Les jeunes multitasks : surdoués ou juste moins concentrés ?

Ce qui est en tout cas certain, c’est la diminution de l’information textuelle dans l’accès à l’information des jeunes. Pour Monique Dagnaud, s’ils « lisent beaucoup de courts textes », ils lisent moins longtemps, « de moins en moins de livres. Le rapport à l’alphabétisation a changé. » Est-ce à dire que les jeunes ne peuvent plus lire ?

Jamila Yahia Messaoud rapporte une anecdote personnelle : « j’ai une fois observé une jeune fille en train de regarder la télé, avec un écouteur dans une oreille, et le téléphone dans la main : elle regardait une émission, écoutait les commentaires audio de ses copains sur la même émission, et lisait ce qui s’en disait sur Twitter en même temps. », avant de conclure : « il y a une observation à avoir sur le long terme pour savoir quel est l’impact de ce type de comportements. La question de savoir quel sera l’impact de cette consommation simultanée de contenus ou de cette réalisation simultanée de tâches sur l’attention des individus est primordiale.»

Pour Ziad Maalouf, c’est clair, au moins dans l’éducation :

« il est inhumain que des gens soient sur un écran alors que vous faites cours. Je pense qu’on devrait installer des bastions dénumérisés dans l’école ». Pour lui, ce n’est pas les écrans qui sont fautifs, mais « la connexion avec l’extérieur. »

Autre son de cloche pour Monique Dagnaud, pour qui on se concentre trop sur l’ultra connexion des jeunes, sans s’interroger sur la résonnance de cette connexion dans des usages sociaux plus généraux : « tout est plus compliqué que de dire que les jeunes sont simplement plus connectés, il ne faut pas aplatir le thème des pratiques numériques des jeunes, mais le déplier.
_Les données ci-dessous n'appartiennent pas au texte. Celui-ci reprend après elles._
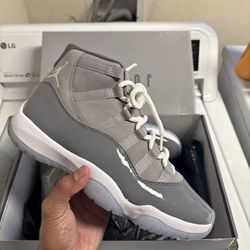 Jordan 11 Cool Grey 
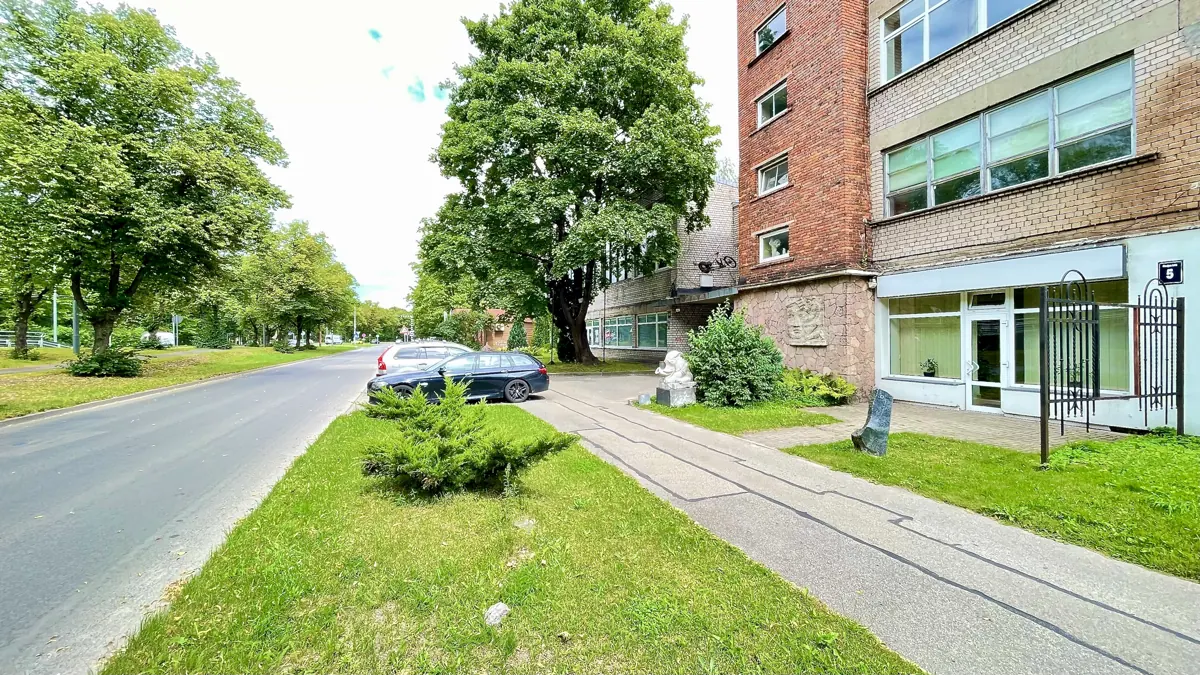 Iela pie banketu zāles Gaujas ielā 5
Il y a une dimension du smartphone que l’on ne signale jamais, c’est sa fonction de décompresseur social : il sert à se vider la tête quand les jeunes s’ennuient. » Autre exemple : les rencontres par internet. Pour Monique Dagnaud, « aujourd’hui, on rencontre de nouveaux amis, et des partenaires sexuels par le numérique. » Pour autant, est-ce si différent que de traîner après le lycée au café du coin, comme le font Tomasi et sa bande de potes dans les années soixante-dix dans Le Péril Jeune ? Pour Monique Dagnaud, cela ne fait aucun doute :

« on assiste à une réarticulation de la société, qui passe bien sûr par le numérique, mais qui est très intégrée au monde réel. Après l’école, on hang out à la sortie, et ça se prolonge à la maison via le numérique. Les jeunes ne sont jamais autant sortis, ce qu’on ne dit jamais, » conclut-elle.